When the billboards went up last month, response was swift. A Jesuit priest pointed out that the anti-Christian billboard “makes the most common high-school error when it comes to atheism. It’s not arguing against the existence of God, but against religion. The American Atheists need to go back to school on this one.” In response to the atheists’ claim that God “promotes hate,” he stated that the group is “doing a bang-up job themselves with that billboard.”
A Mormon professor called the campaign “petty and vindictive” and said of the billboards, “If this example of adolescent silliness is what atheists mean by being reasonable, then neither Mormons nor other Christians have much to worry about.
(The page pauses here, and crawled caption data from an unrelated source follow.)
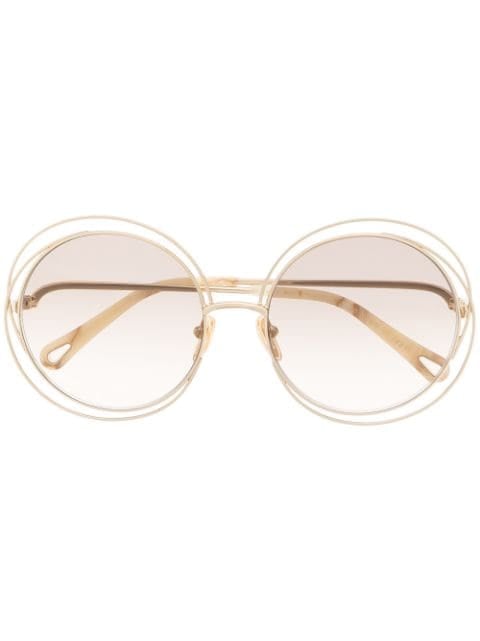 Chloé Oversized Round Frame Sunglasses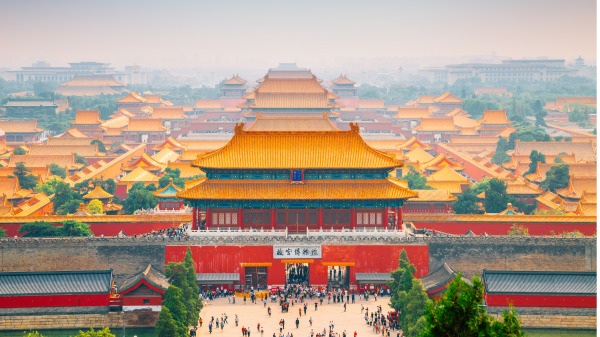 明代永乐年间建造的北京紫禁城。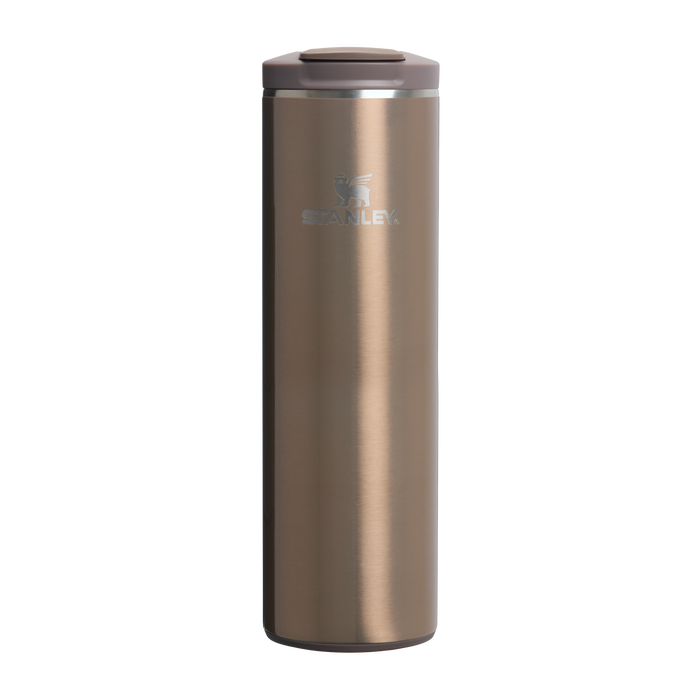 Stanley 1913 The Transit Flip Top Mug 16 OZ in Pale Gold Shine | Front View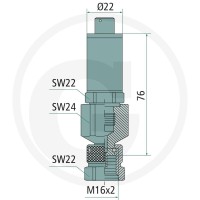 Parker Czujnik ciśnienia 0 do 400 bar 85026099 - Sklep PoltechParts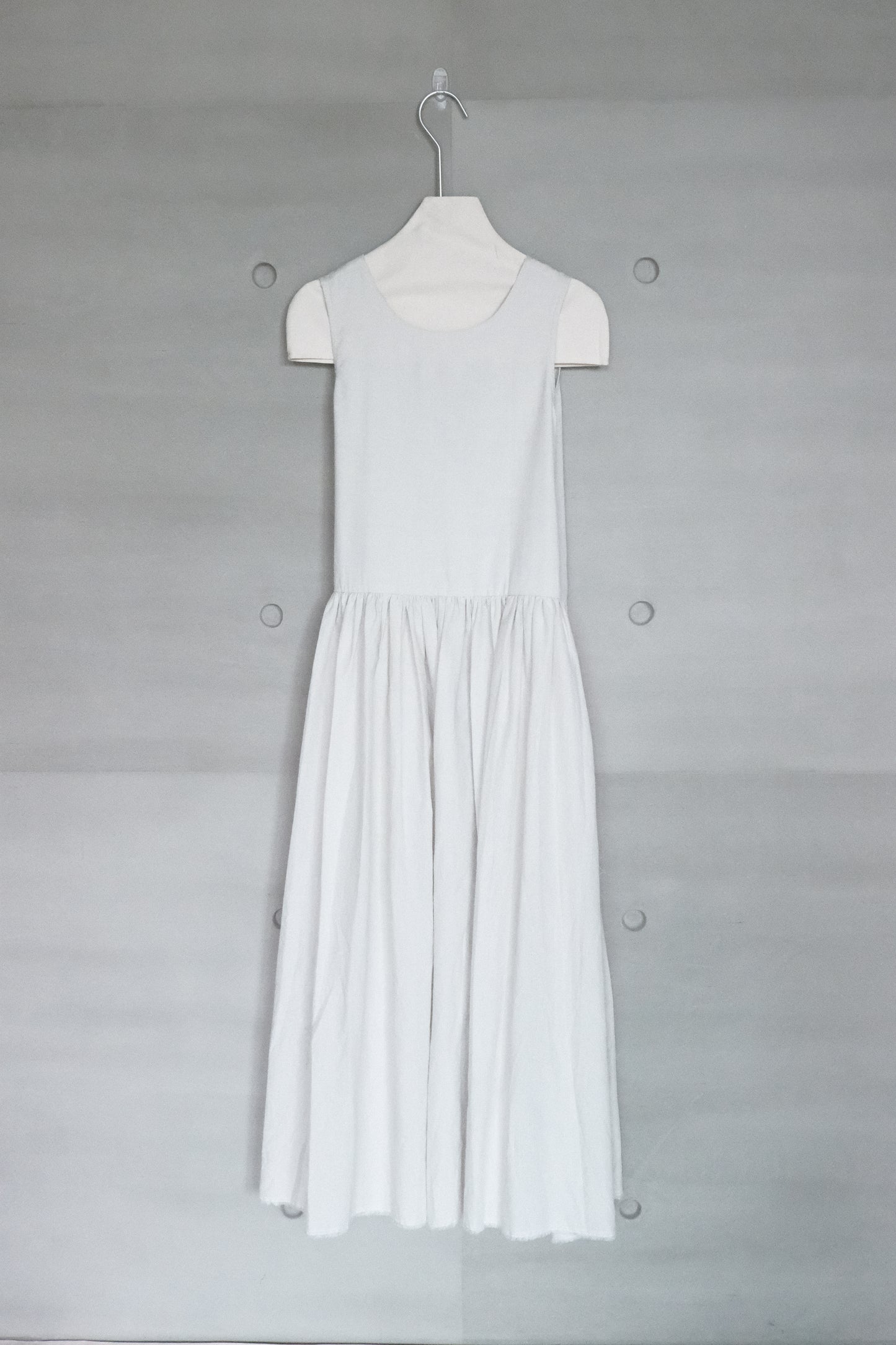 organic cotton vest dress – naturally dyed with red turnip (in-stock)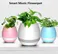 Smart Music Flowerpot Bluetooth Speaker With Colorful LED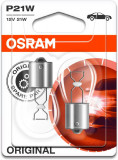 Set 2 becuri P21W Osram Original blister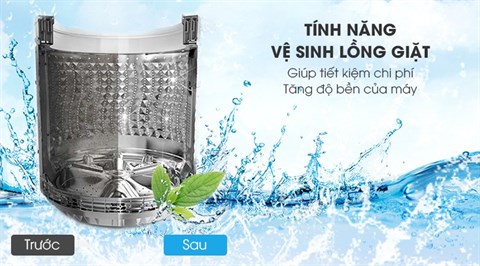 Tự động vệ sinh lồng giặt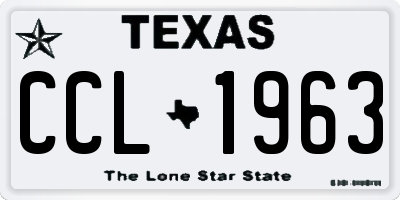 TX license plate CCL1963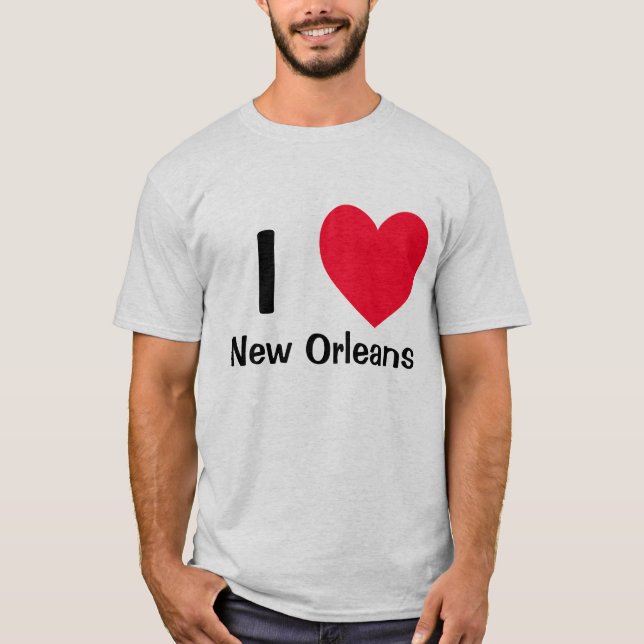 Mig hjärta New Orleans T Shirt (Framsida)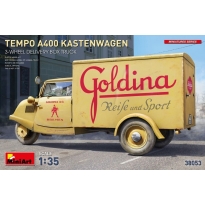 MiniArt 38053 Tempo A400 Kastenwagen 3-Wheel Delivery Box Truck (1:35)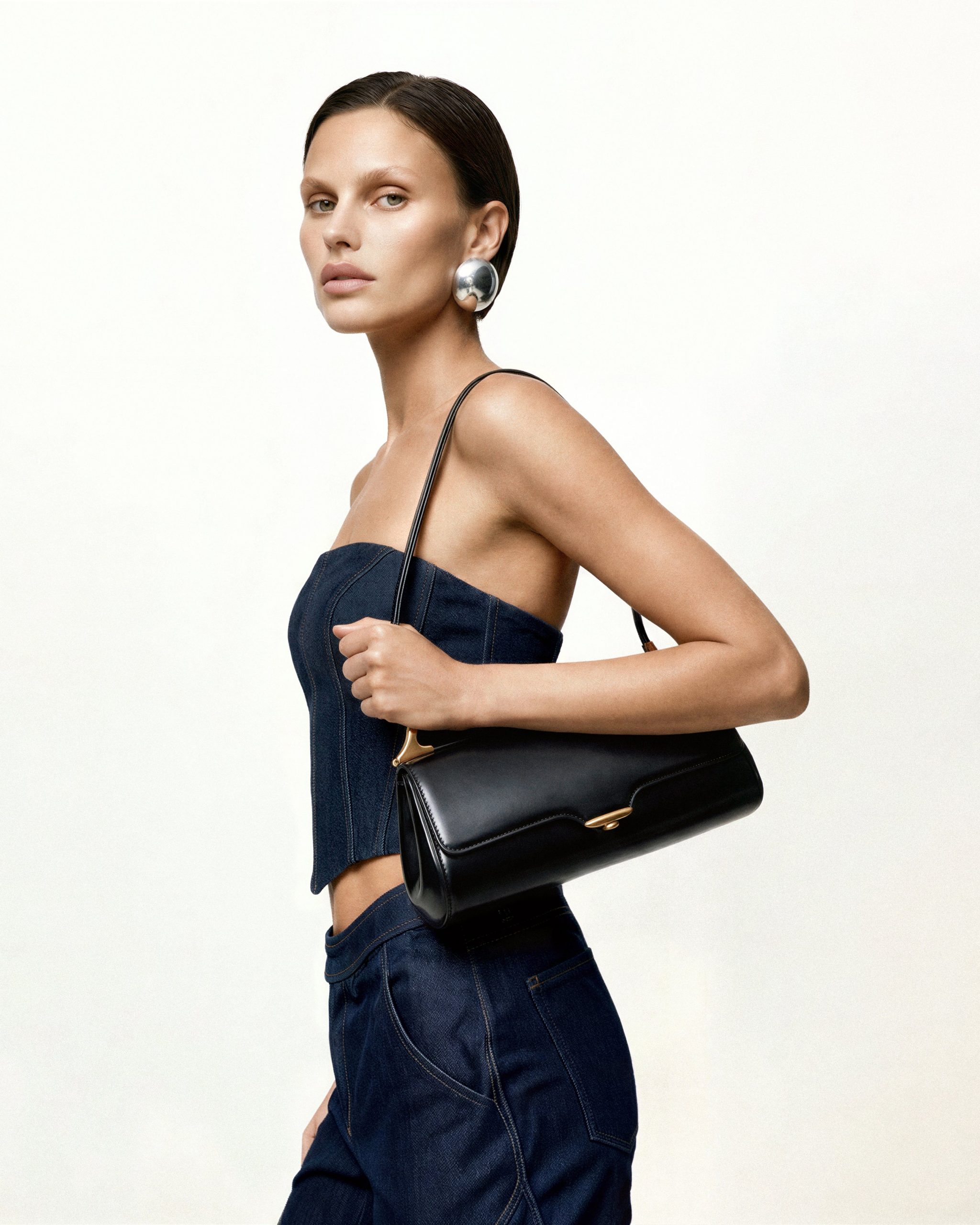 Eloise Shoulder Bag - Black - Image 2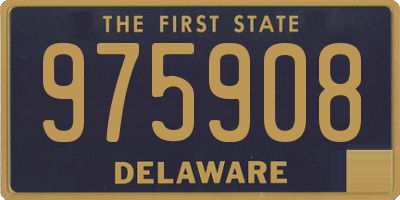 DE license plate 975908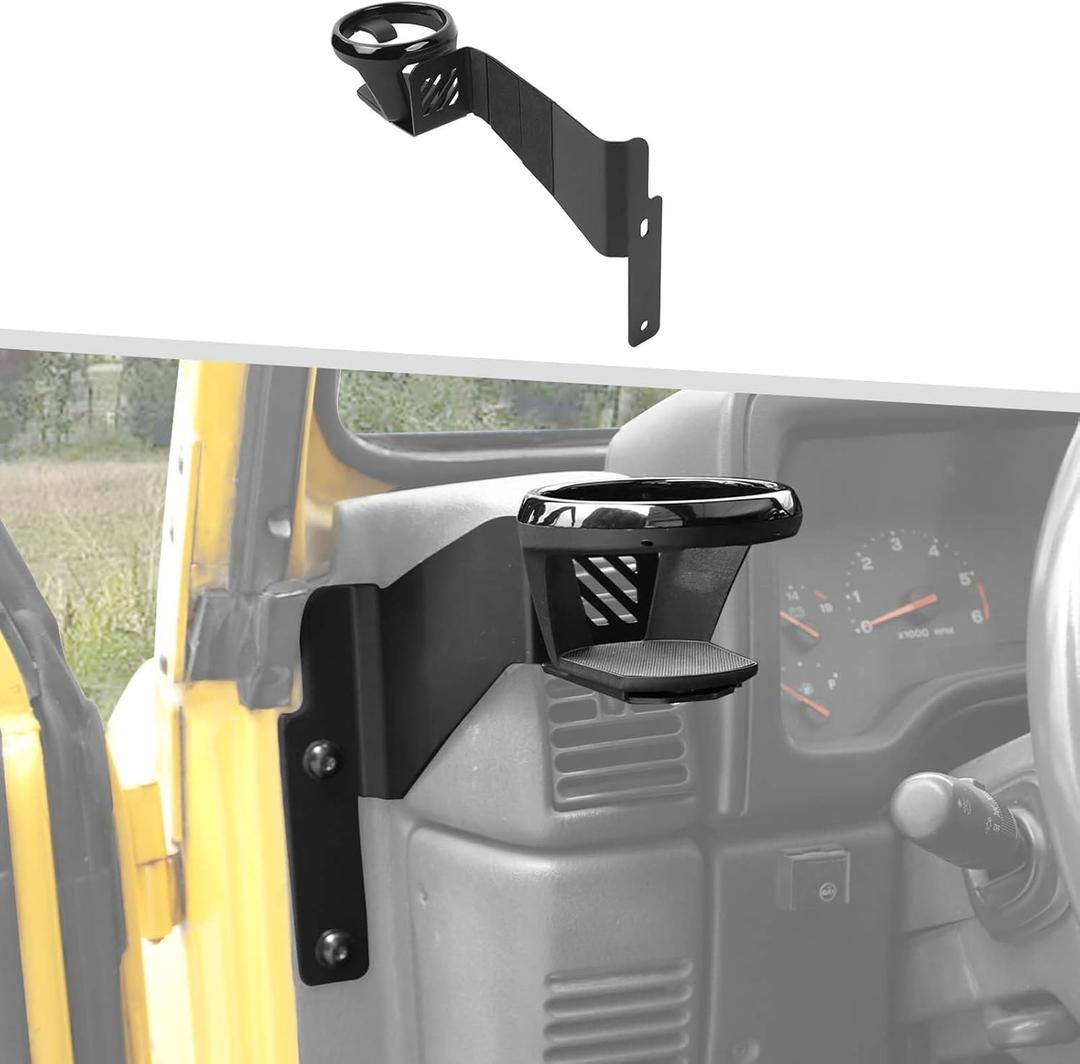 1PC Door Drink Cup Holder Fit for Jeep Wrangler TJ 1997-2006, Driver Side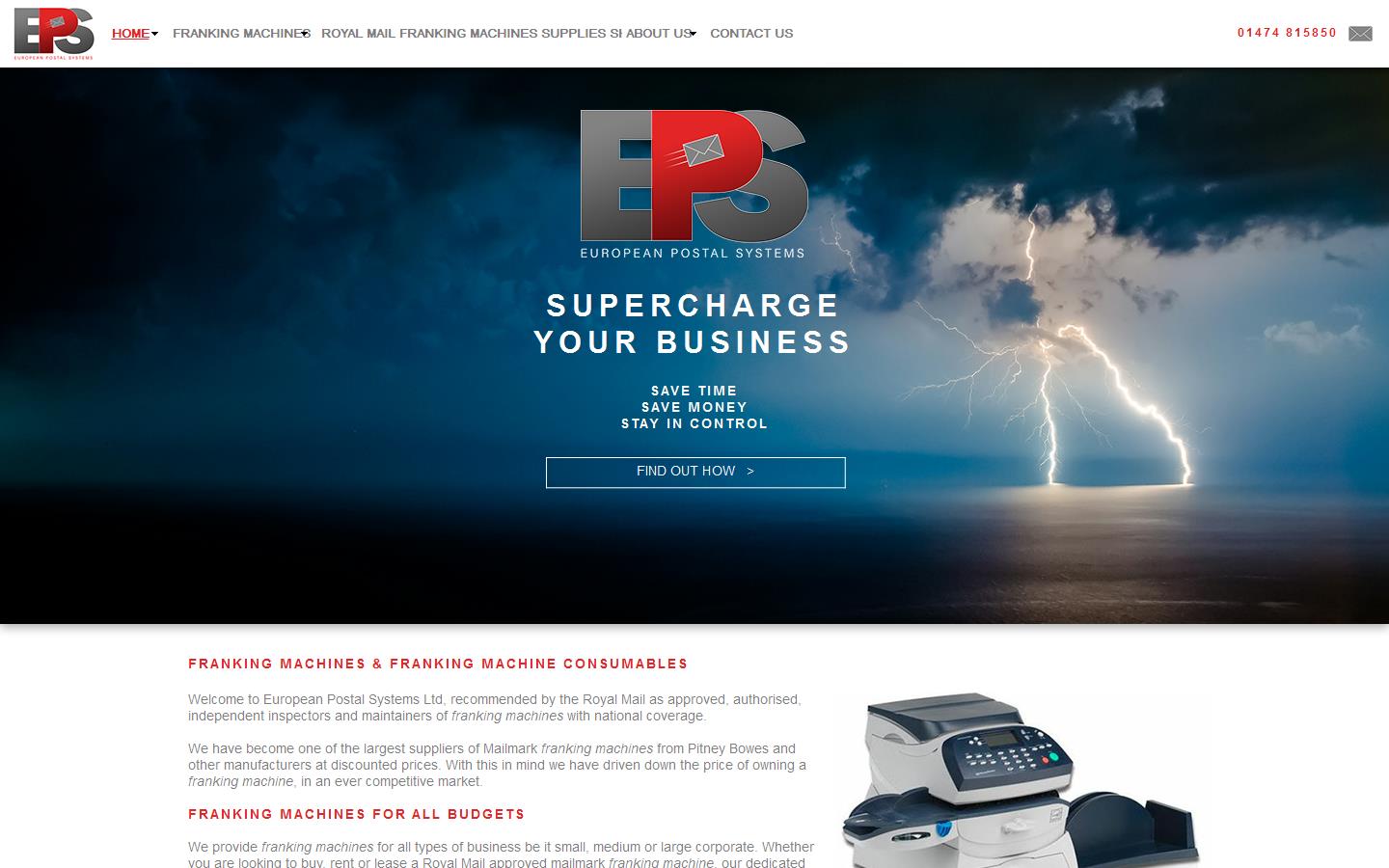 European Postal Systems Ltd Website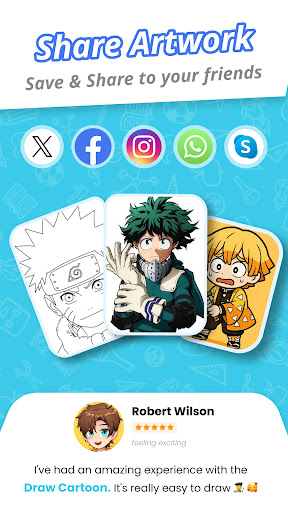 Draw Cartoon - AR Sketch App screenshot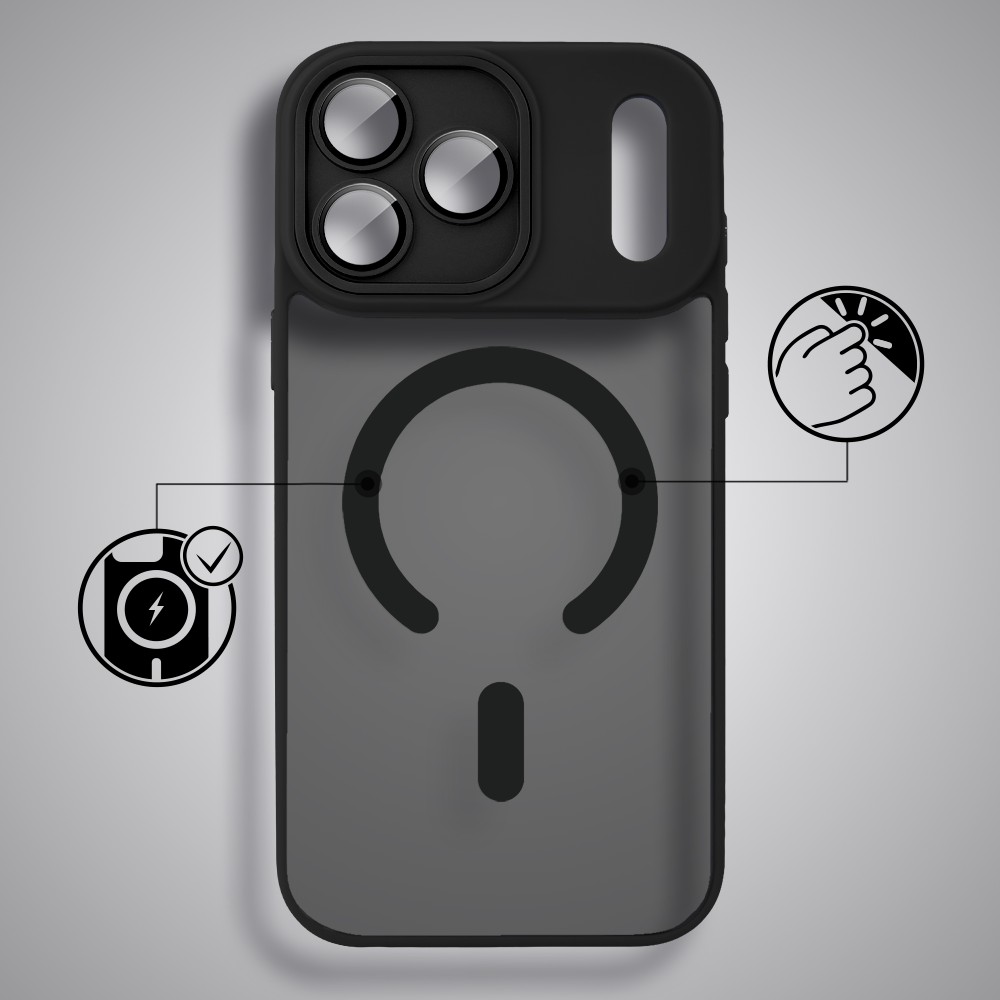 Etui do iPhone 17 Pro Color Flush z Magsafe, z osłoną aparatu, czarneObszar kompozycji 2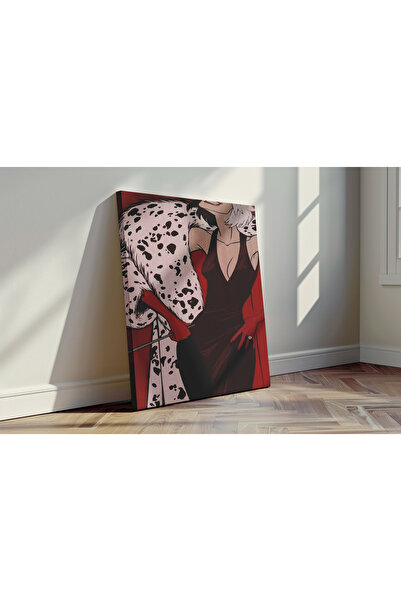 Kanvaspera Cruella de Vil (101 Dalmaçyalı) - Kanvas Tablo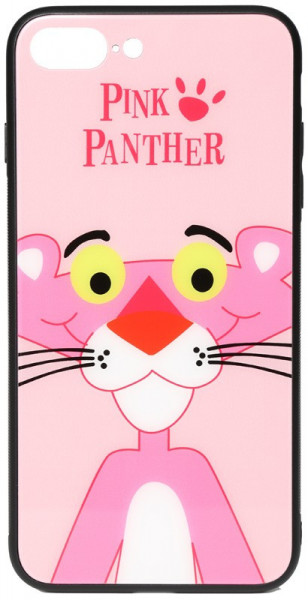 - Toto Cartoon Print Glass Case Apple iPhone 7 Plus/8 Plus Pink Panther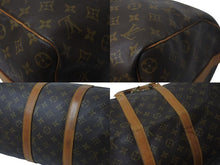 画像をギャラリービューアに読み込む, LOUIS VUITTON ルイヴィトン モノグラム キーポル45 ボストンバッグ M41428 PVC ヌメ革 ブラウン ゴールド金具 美品 中古 4b001313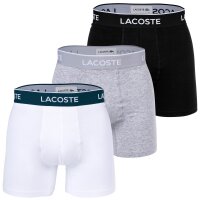 LACOSTE Herren Boxershorts, 3er Pack - Boxer Briefs, Cotton Stretch, Logobund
When atheists organize to serve the poor and needy of the world, they will be taken more seriously.”
Two weeks after they went up, the billboards in Charlotte came back down. Not because American Atheists repented of their slander and illogic. Rather, the group removed their billboards because “our fellow citizens have responded with vitriol, threats and hate speech against our staff, volunteers and Adams Outdoor Advertising.”
Non-atheists have not cornered that market. A new movement calling itself “Atheism+” has just been launched. Fellow atheists who criticize the group are called “immoral scum” and labeled with other words I won’t repeat here.
Just as many are frustrated by the “loathing” of the current presidential campaigns, I lament the state of religious rhetoric in our culture. If believers threatened atheists who posted anti-Christian billboards in Charlotte, they grieved the heart of God. If atheists resort to irrational insults to make their case, they show they don’t have a reasonable case to make.
Our divisive, negative culture will know we are Christians by our love (John 13:35). We are most clearly the children of a loving God when we love our enemies and pray for those who persecute us (Matthew 5:44-45). As I’ve often noted, you can tell if you’re a servant by the way you react when people treat you like one. When last did you “turn the other cheek” for Jesus?